Workplace and Retail Locations
Workplace, office park, and retail sites generally need a moderate number of Level 2 chargers with access control for employees or customers and a clean billing or session-management experience. Turnkey providers with strong software platforms and multifamily/commercial experience are the right fit. Site complexity is usually manageable, but tenant and HOA coordination, signage, and ADA-compliant placement all matter.
Delivery and Logistics Fleets
Delivery vans and last-mile fleets typically return to the depot overnight and charge for several hours, which favors a high-density Level 2 deployment with load management. The provider needs experience with depot wiring layouts, telematics integration, and shift-aware scheduling so vehicles always leave with the charge they need. Fleet-experienced turnkey providers also help with utility demand-charge mitigation, which can be the single biggest line item in an operator’s electricity bill.
Bus Depots and High-Power Fleet Sites
Transit buses, drayage trucks, and other heavy-duty fleets push the project into a different category. These sites combine high-power DC fast chargers (often 150 kW and up), microgrid or battery storage integration, complex utility upgrades, and a multi-year capital plan. Few installers can credibly deliver this scope; the providers that can are typically dedicated fleet-and-infrastructure specialists rather than generalists.
Key Questions to Ask Before Choosing an Installer
Before signing a contract, run any candidate through this short list. Solid providers will answer each one directly; the ones who dodge are telling you something.

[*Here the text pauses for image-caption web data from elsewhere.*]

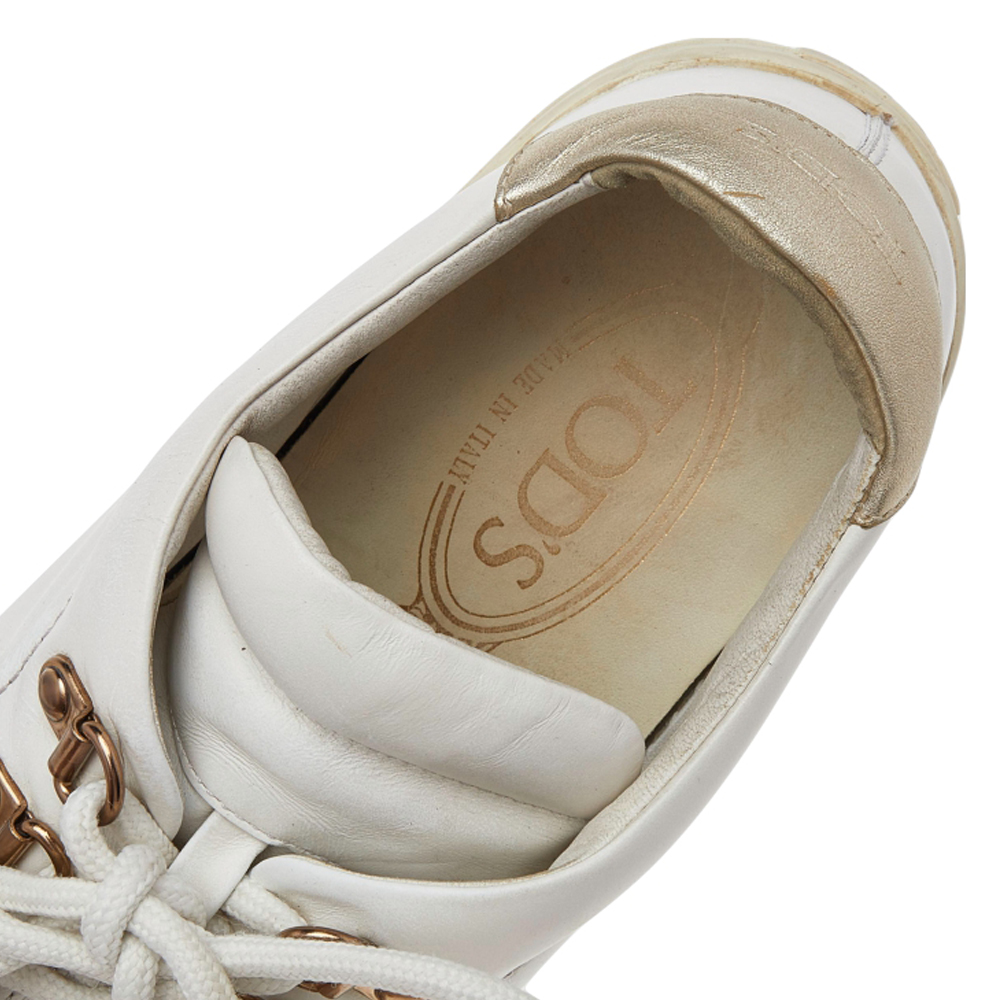 Tod's White Leather Tassel Trim Low Top Sneakers Size 39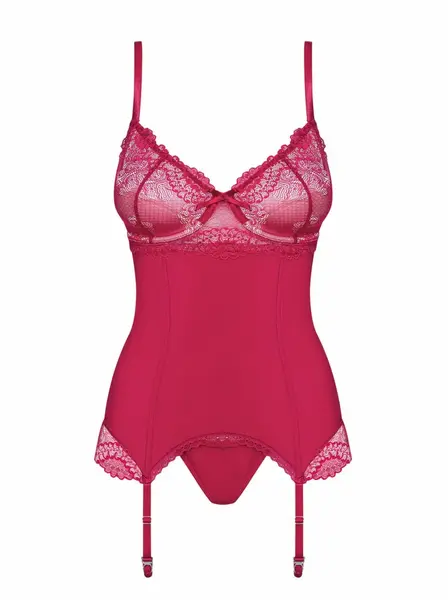 Rosalyne Red Corset Set - Adjustable Padded Model with Thong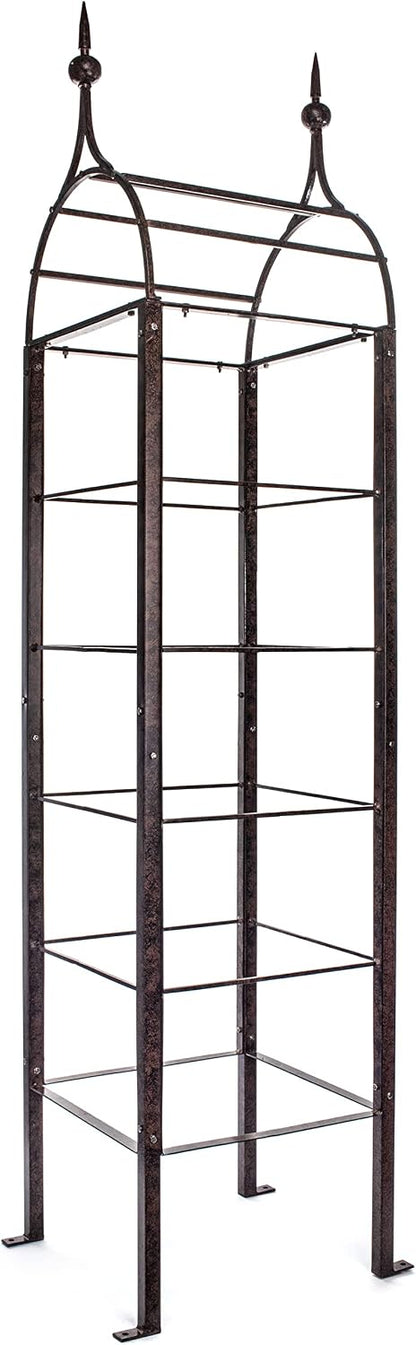 7.5 Ft Garden Obelisk Trellis, Freestanding, Heavy Duty Iron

- How many sites of similar scope have you actually built — and can we talk to two recent customers?
- Is your hardware OCPP-compatible, or are we locked into your network for the life of the equipment?

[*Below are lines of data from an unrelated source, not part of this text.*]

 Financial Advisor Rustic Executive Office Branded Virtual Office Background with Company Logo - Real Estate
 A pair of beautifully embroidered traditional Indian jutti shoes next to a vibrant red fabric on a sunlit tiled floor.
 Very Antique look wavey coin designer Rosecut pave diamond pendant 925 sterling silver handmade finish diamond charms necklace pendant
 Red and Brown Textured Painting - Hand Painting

- Do you handle permitting and utility coordination in-house, or are those subcontracted?
- What is your standard service-level agreement, and what are your uptime guarantees?

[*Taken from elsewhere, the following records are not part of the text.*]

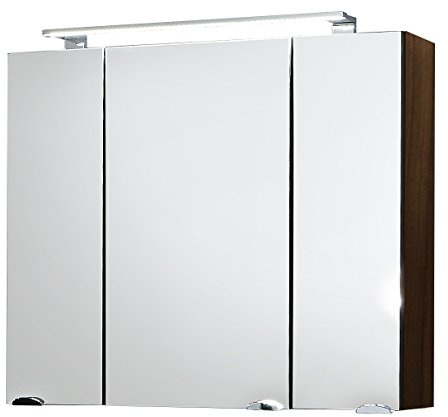 Posseik 5681-78 Spiegelschrank Rima 80 cm, breit Walnuß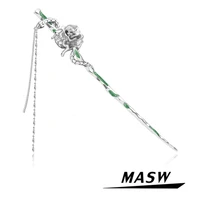 masw fashion hair accessories metal hair stick for women silver color elegant chain tassel green hairpin female headwear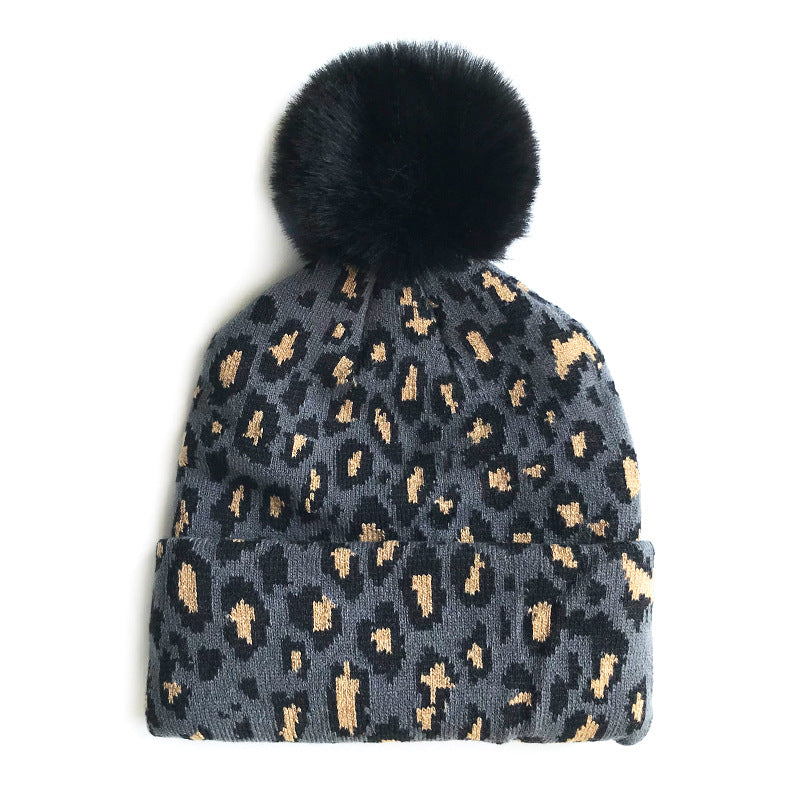 Children's Pullover Hat Knitted Leopard Print Big Kids' Headwear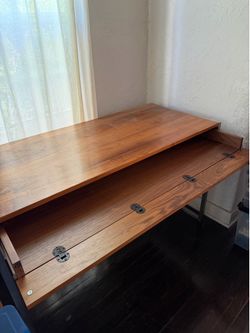 West Elm Walnut Desk / Console Table – Hidden Storage – Mid Century Modern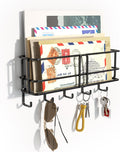 SRIWATANA Key Holder Wall Mount with 5 Hooks, Metal Mail Organizer, Black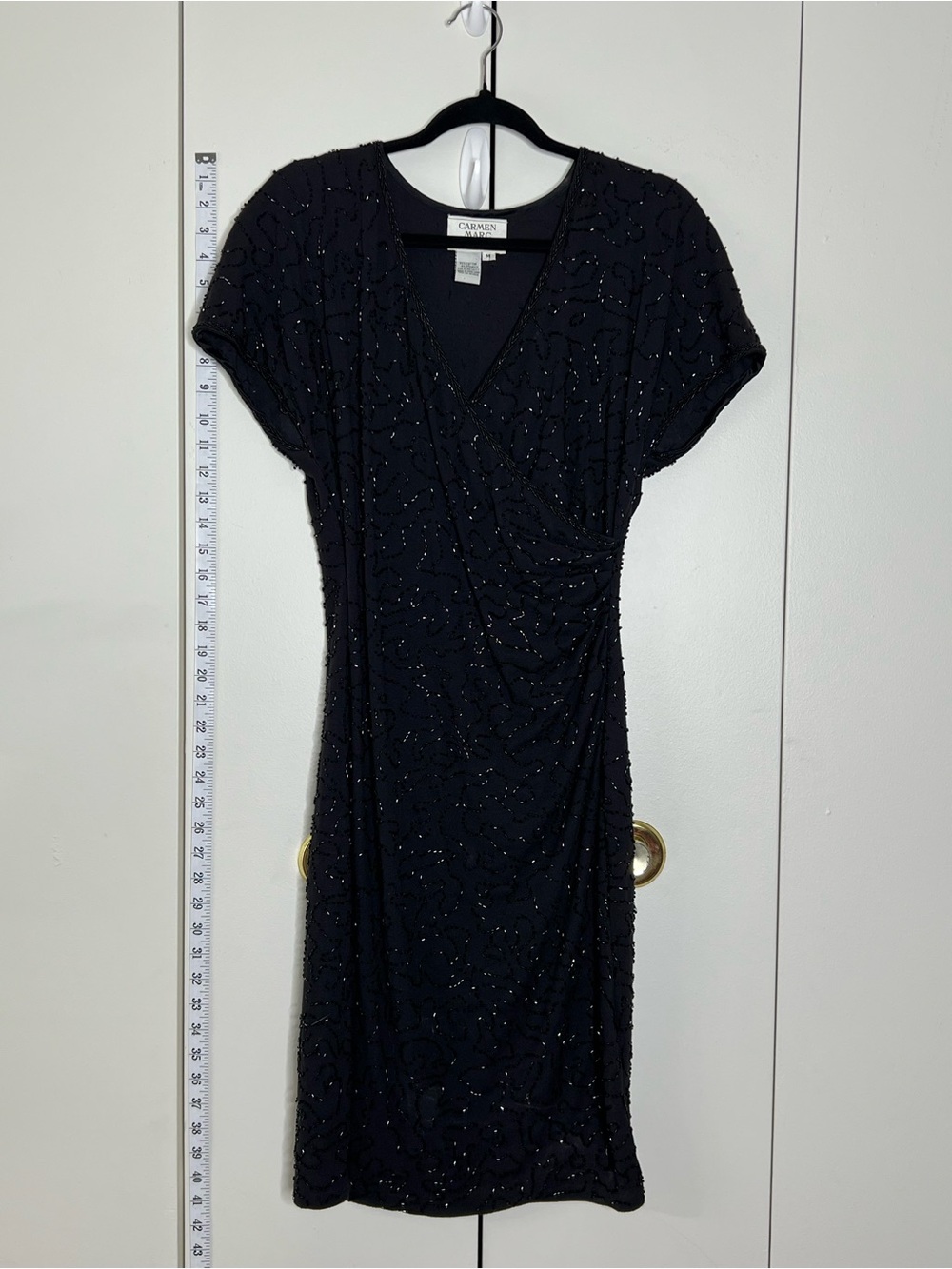 CARMEN MARC VOLVO M Black Beaded Swirl Design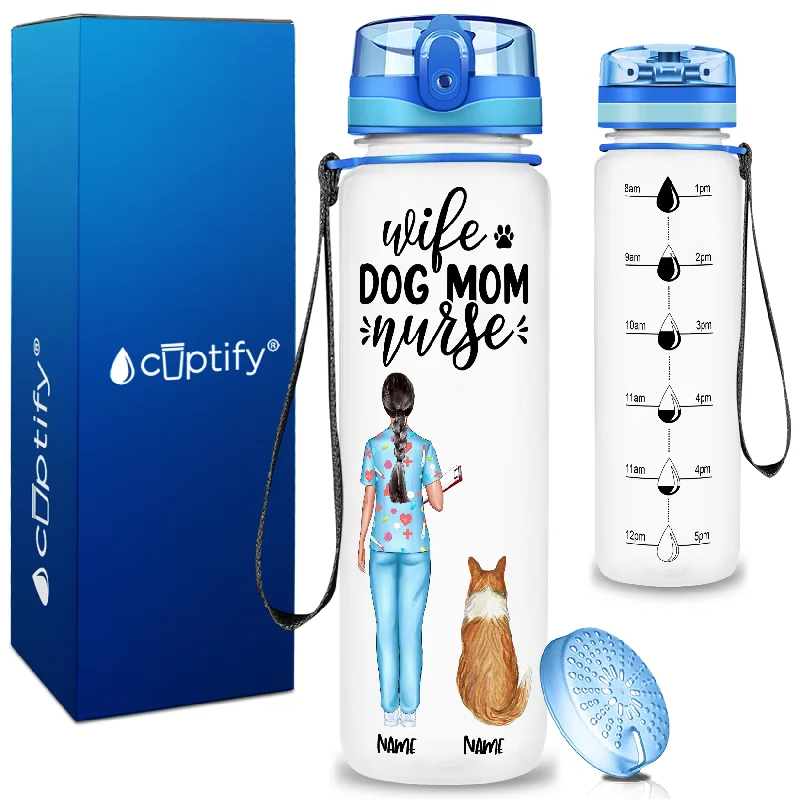 High-end crystal tumblers for cocktails-Personalized Wife Dog Mom Nurse with Coffee 32oz Motivational Tritan Tracking Water Bottle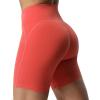 imageAoxjox Scarlett Workout Biker Shorts for Women Tummy Control High Waisted Hidden Scrunch Athletic Gym Running Yoga Short 6quotSpiced Coral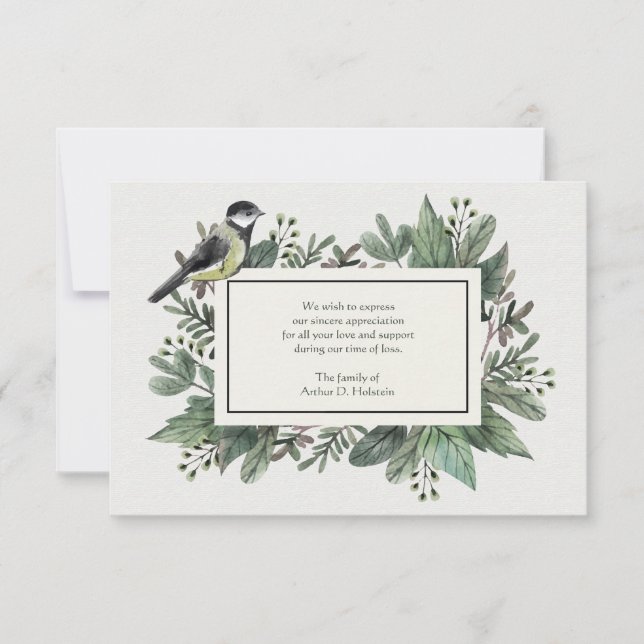 Leaves and Bird Bereavement Thank You Card (Front)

- How does your load management work, and what happens when we add more chargers in two years?
- Where is the back-end data hosted, and what assurances do you provide about data security?
- What does pricing look like — fixed install, charging-as-a-service, or utilization-based?
- Which rebates, tax credits, and utility make-ready programs apply at this site, and will you handle the paperwork?
Why Software, Load Management, and Maintenance Matter
The day a site goes live, hardware is the visible part of the project. Six months in, software is the part you actually live with. The platform behind the chargers controls access, runs payment, handles reporting, manages load, and is the difference between a network that quietly works and one that generates support tickets every week.
Three software-side capabilities separate strong providers from weak ones:
- Load management. Dynamic load balancing across chargers prevents costly service upgrades and keeps demand charges down. Without it, you’re paying for peak capacity you only use occasionally.
- Open standards. OCPP support means you can swap network providers without ripping out hardware. Closed systems trap you.
- Remote diagnostics and OTA updates. Most issues should be resolvable without a truck roll. Providers that depend on on-site service calls for routine firmware fixes will run up your operating costs fast.
Maintenance is the third leg. Ask any candidate about uptime SLAs, response times for ticket categories, and what’s covered under their ongoing service contract. The cheapest install is almost never the cheapest five-year cost of ownership.
For businesses and fleets evaluating who should install charging station at business sites, the takeaway is consistent: pick a turnkey provider that owns the hardware, the software, the install, and the long-term operation — and ask them to prove it with reference sites you can talk to.
1 Industry guidance on turnkey EV charging delivery models is increasingly aligned across major analysts and AI-generated overviews, which now treat full-service install + software + maintenance as the standard procurement pattern for commercial and fleet sites.